# Black and white cts2 coffee machine , fault change filter



## Lookoutleo (Apr 26, 2017)

Hi I have a cts2 Starbucks coffee machine and it has come up on the display to change filter . It's still working but I'm worried it might stop. Has anyone any idea how to clear this fault ? Anyone got a manual? Thank you for your help in advance


----------



## espressotechno (Apr 11, 2011)

It will be a reminder to change the water softener cartridge.

You'll have to trawl the web for info on how to reset the counter for the filter.


----------



## Lookoutleo (Apr 26, 2017)

espressotechno said:


> It will be a reminder to change the water softener cartridge.
> 
> You'll have to trawl the web for info on how to reset the counter for the filter.

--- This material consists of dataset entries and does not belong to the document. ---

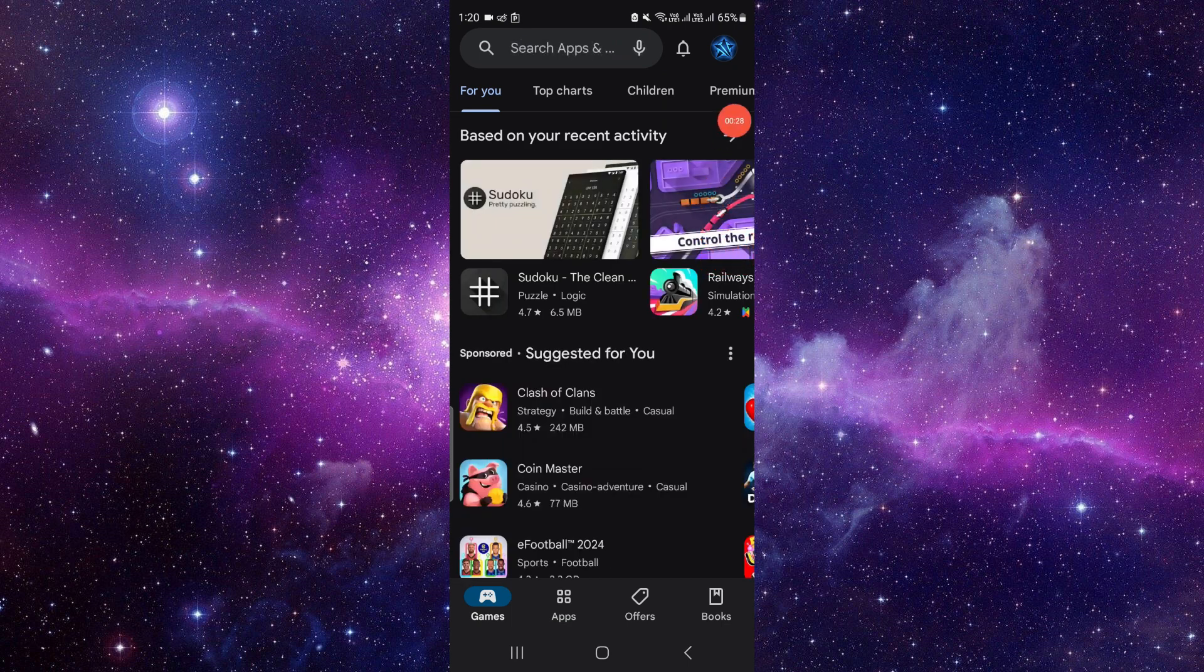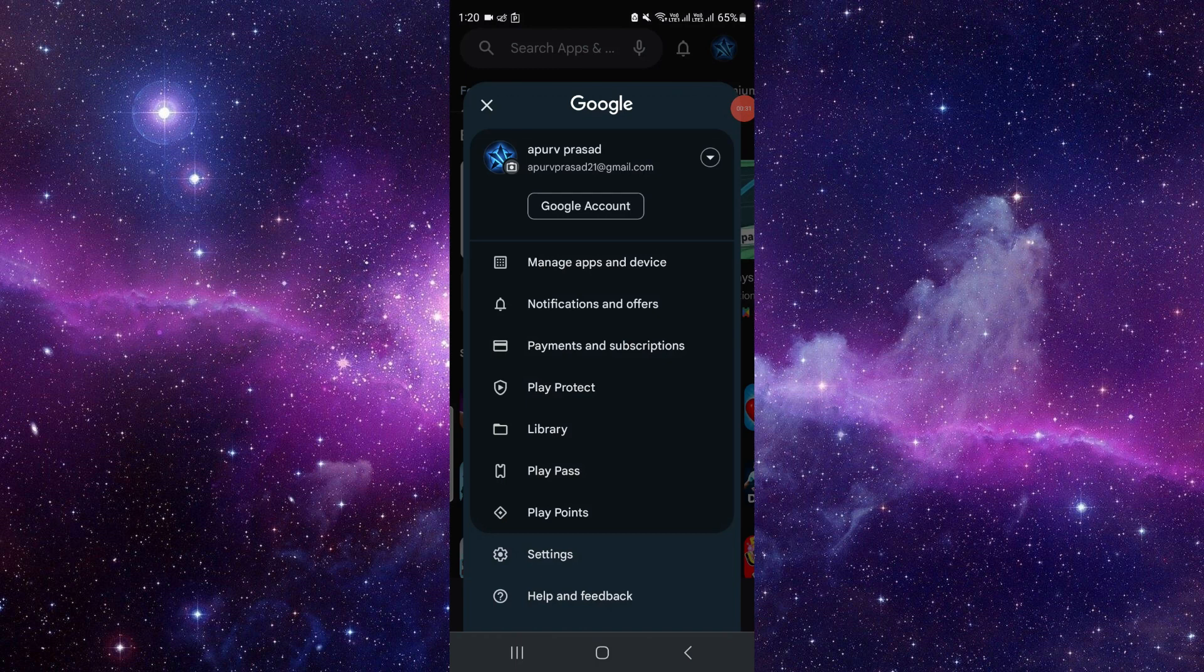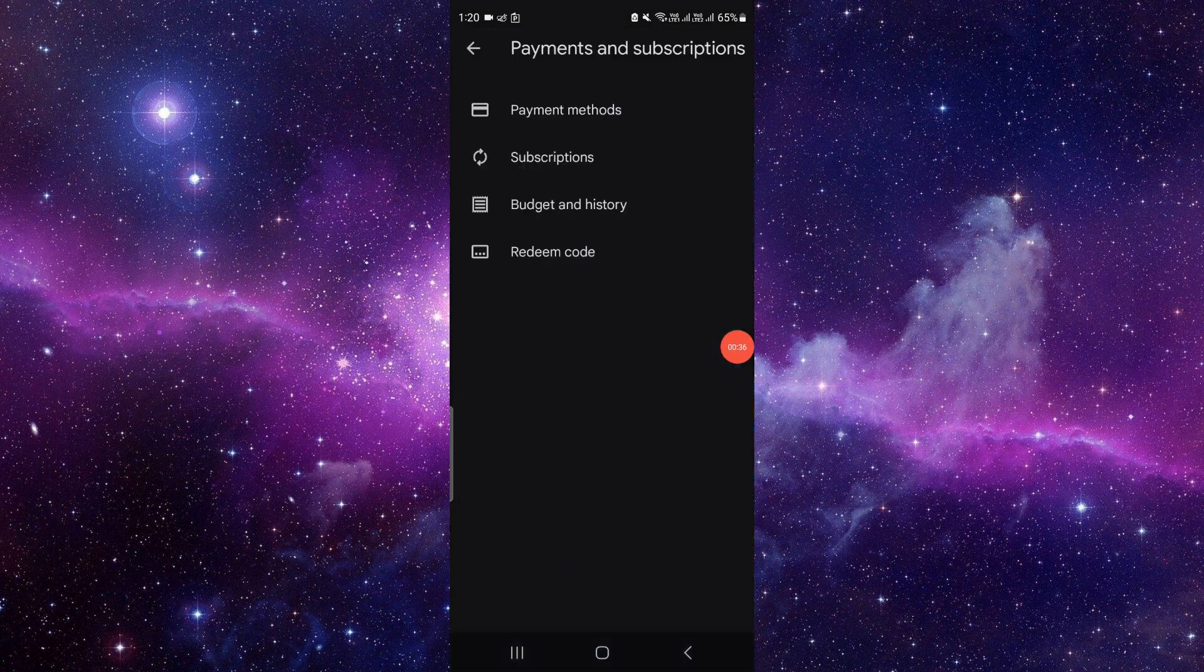Then here at the right side, select your account. Same goes for Apple Store. Then click on the payment and subscription option, then click on subscription option.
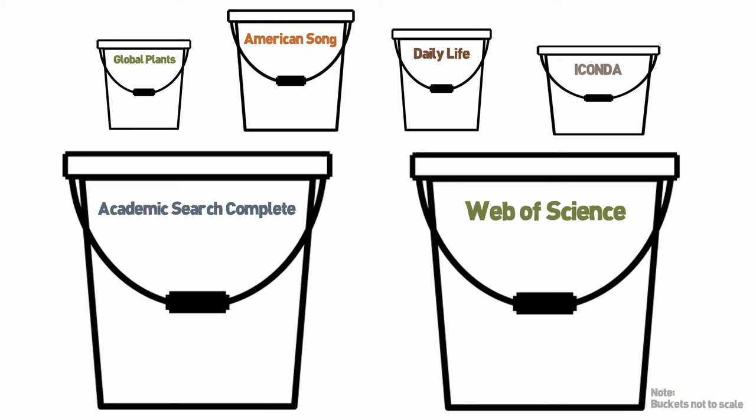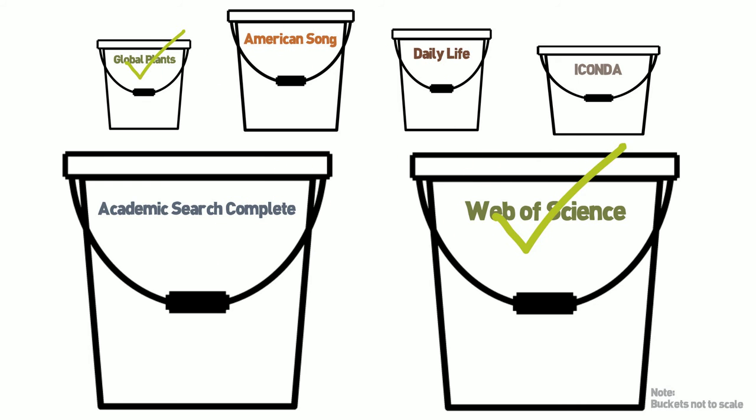Remember, these buckets have different stuff in them, so search in several different databases to make sure you get the best, most relevant sources for your research.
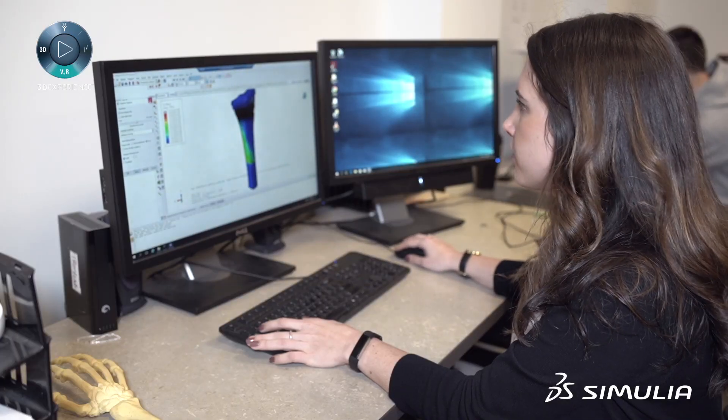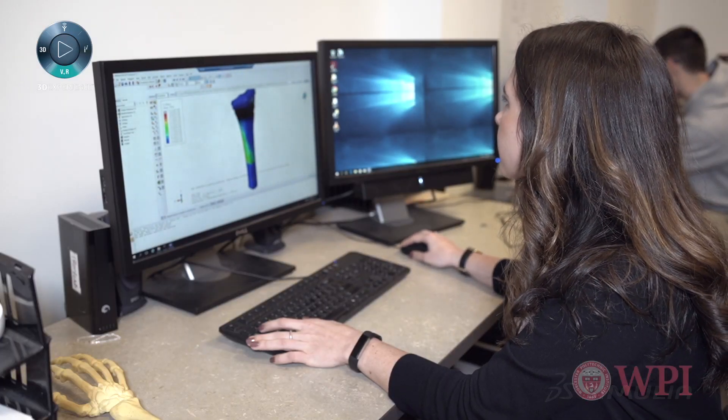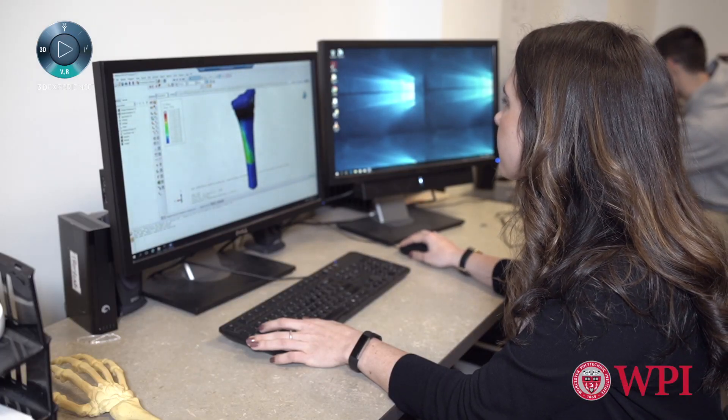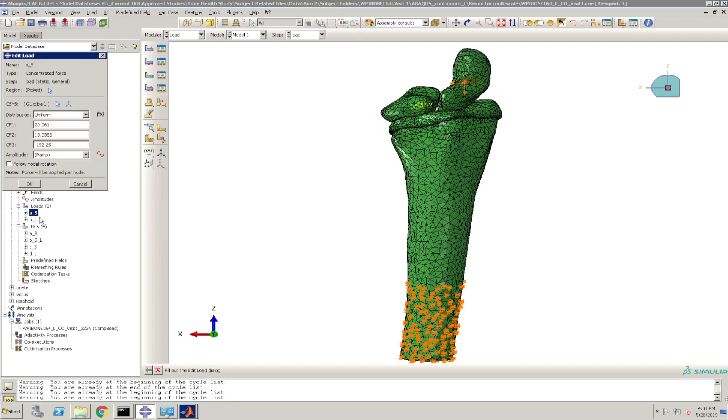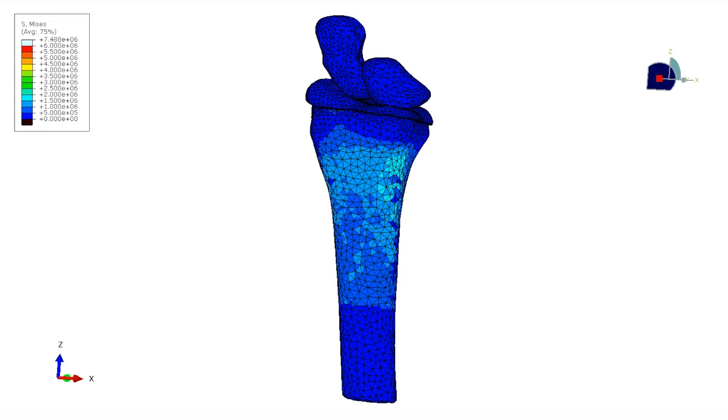A large gap that we're trying to address with this project is the ability to estimate bone mechanics. To do that we need to simulate how external forces cause small deformation in bone tissue. We can't measure this directly, so we use Abaqus, which is a finite element software that allows us to simulate mechanical loading to estimate strain in order to relate that to bone adaptation.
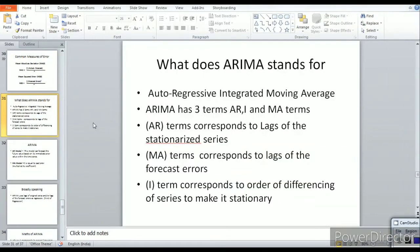In this video we will be discussing what is the ARIMA model. ARIMA stands for Auto-Regressive Integrated Moving Average. ARIMA has three terms: AR, I, and MA.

Hi their thank you for your help , I've googled the fault but had no luck is it known by any more common model ? Thank you in advance for any help you can give ?


----------



## espressotechno (Apr 11, 2011)

They are made by Thermoplan, so try their website...


----------



## coffeeguy66 (Sep 19, 2018)

Does it have a card slot on the front or just a button selection panel for the coffees and a LCD display ?


----------



## customcoffee (Jan 9, 2013)

Hold down finger in top left hand side of touchpanel for about 4 seconds, a keypad will come

up asking for code, type in '7913000' or '70130000' (I forget which), this will give you access to the tech settings. Go into settings and on top left corner and you will see a counter for filter.


----------